A brief reply to Simon Jenkins’ Guardian op-ed.
In a Guardian op-ed published on 16 December, Simon Jenkins called on the Liberal Democrats to disband and for its members to merge with the two larger parties. Jenkins sets out three reasons for this:
- To dilute the influence of Momentum activists within Labour circles
- Restrain the Conservative Party as they begin another term in office
- Unite the centre-left.
Whilst I share Jenkins’ frustrations at the splintering of the centre-left vote last week, there are a number of reasons why I think his conclusion is wrong. I shall set out each of these below.
First, Jenkins writes only of the national picture. In local government, the Liberal Democrats have an influential role and strong presence in holding councils of all colours, majorities, minorities and coalitions, to account. The Liberal Democrats can reach significant portions of the United Kingdom that Labour simply has no hope in and I am sure the reverse is true as well.
One further electoral reality Jenkins did not mention was the continued shift of Labour’s core support, not just from the North to the South, but from towns and rural areas to the big cities. What use was Labour’s promise of free bus passes for under twenty-fives when only two buses a day ran through my home village in Gloucestershire? A real change for commuters in London, Manchester and Birmingham I am sure, but a half-baked gesture of support for the rest of the country’s young people, even with the offer of free-wifi thrown in.
With longstanding support in rural areas, the Liberal Democrats are better placed to understand and respond to these issues.
Second, the internal culture of Labour and the Liberal Democrats is fundamentally dissimilar. This I know from experience, having spent nine years as a Labour activist from 2010-2019 and three national elections and an annual conference wearing a Lib Dem rosette.
So what do I mean by internal culture? The Liberal Democrats pride themselves on a policy of one-member, one-vote (OMOV) in leadership elections and on the conference floor. Policy debate on the main stage and at conference fringes is well-mannered, purposeful and measured.
The conferences are different because Labour and the Liberal Democrats were built for a different purpose. This is no bad thing.
Unlike Labour, the Liberal Democrats do not elect delegates to represent the needs of ordinary members at conferences. Rather, individual members apply directly for a ticket, giving them greater independence. For the 2017 Labour conference, I was sent as a constituency representative for Young Labour members. In this role, I felt pigeonholed and pressured to attend Young Labour events, debates and votes. By no means did I feel free to be something other than an apparent spokesperson for all young people from the constituency. This was not the fault of the constituency party that sent me, but the entire design of Labour’s conference system.
In short, the Labour Party is too big. I understand the need to appear ‘broad church’ and build lasting internal coalitions, but the layout of Labour’s internal institutions make coalition building near impossible. Let’s be honest, Peter Mandelson and Jon Lansman will never both be satisfied. Why add more to the mix?

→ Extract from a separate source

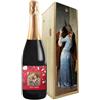 Bottle-Up Regalo San Valentino - Prosecco DOC personalizzato e cassa legno - Idea regalo per innamorati, bomboniere, anniversario di fidanzamento e di matrimonio (Foto e testo, Il Bacio di Hayez)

To illustrate Labour’s size problem, let’s examine its policy making process. The National Policy Forum, as of 2018, consists of 204 elected members. In contrast, the Liberal Democrat Federal Policy Committee is made up of thirty-one. Both aim to represent all sections of the membership and the country. Even for a team of thirty-one, forming a manifesto can be a challenge. But 204, it is just a nightmare. Such large numbers encourage conflict. This is not the same as debate.

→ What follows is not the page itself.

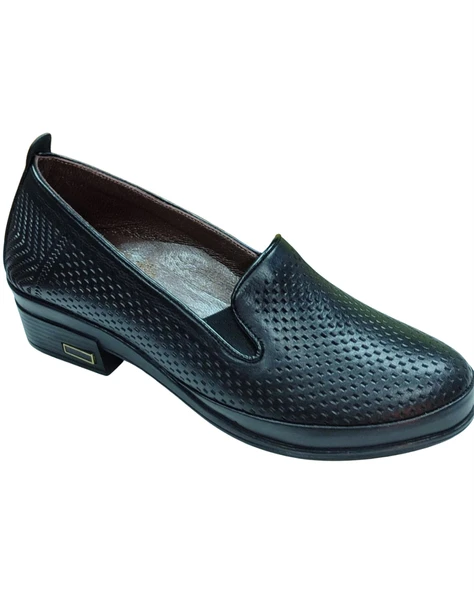 Malawi 81K. Kadın Siyah (36-41) Deri Topuklu Comfort Ayakkabı - 2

By no means do I claim Lib Dem internal structures to be the absolute ideal. But the pressure on factions inside Labour ‘broad church’ to put on a face of unity at conference, impedes open and frank debate and actually facilitates the general proliferation of further factionalism. These conditions were well exposed during the attempted coup of 2016, where the Parliamentary Labour Party (PLP) was at clear odds with the majority of Labour members. Since Thursday, these factions have re-emerged as strong as ever, with blame for Corbyn’s leadership or the party’s Brexit position as the new fault lines.
Third, Jenkins’ view reflects a certain complacency within Labour circles that the party deserves support and will always exist. Between the parties of the centre-left, Labour stood out as the only one unwilling to stand candidates aside for a Plaid, Green or Lib Dem alternative. As an outsider to Labour’s strategy planning, it seemed as if the party was hoping to simply repeat 2017, but in the hope the ‘Never Johnson’s’ would come flocking to their side, thus boosting the ‘go it alone’ and ‘final push’ attitude at the top. I don’t pretend this to be an exhaustive summary of Labour’s operation, but this refusal even to engage in talks with other parties represented a change in Corbyn’s outlook. And anyway, what of the ‘kinder, gentler politics’ he espoused only two years earlier? To add to the frustration, these kind of cross-party talks, with Labour included, are not uncommon in local government.
Jenkins is right to highlight the sorry state of a divided centre-left as the reasons for Thursday’s results. With Johnson’s new government promising to revisit changes to constituency boundaries, this may only get worse. This time, the ‘remain alliance’ failed. But to sacrifice democratic diversity is not the answer. Serious, well-intentioned and long-term cooperation is.